Twenty years later, Madrilenians are still traumatized.

On the morning of March 11, 2004, during rush hour, ten coordinated explosions occurred in four commuter trains traveling towards Atocha station in Madrid, killing 191 people and injuring nearly 2,000 others.

The then Prime Minister, José Maria Aznar, and his Popular Party (PP) immediately blamed Basque separatists ETA who, since the late 1960s, have been responsible for the deaths of more than 800 people in the country.

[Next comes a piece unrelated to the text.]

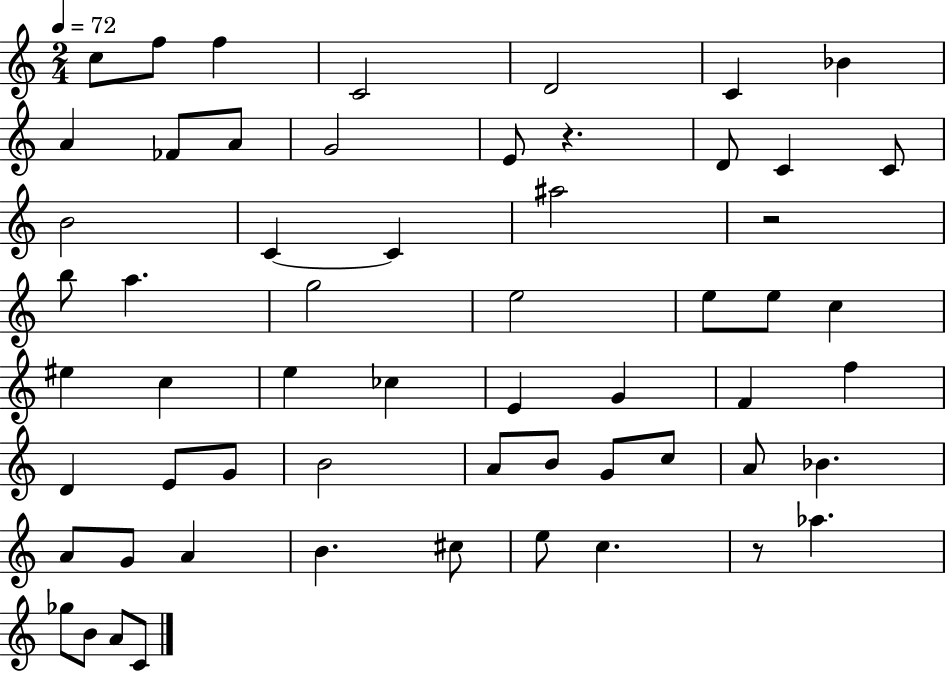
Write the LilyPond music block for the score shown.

A fiasco because, the same evening, a branch of Al-Qaeda claimed responsibility for the Madrid attack and demanded the withdrawal of Spanish forces intervening in Iraq.

In the general elections held four days later, the PP was swept aside by angry voters and the Socialist Party of José Luis Rodriguez Zapatero won the vote.

A few weeks later, seven people suspected of having participated in the attacks blew up the apartment in which they had been hiding, killing a member of the Spanish special forces.

But we had to wait another two years of difficult investigation to identify 29 other suspects, from local Islamist groups.

Twenty-one of them are convicted.

But ultimately, no direct link with a supranational terrorist organization has been clearly demonstrated.

Today, twenty years after the Madrid attacks, the families of the victims are still waiting for the truth.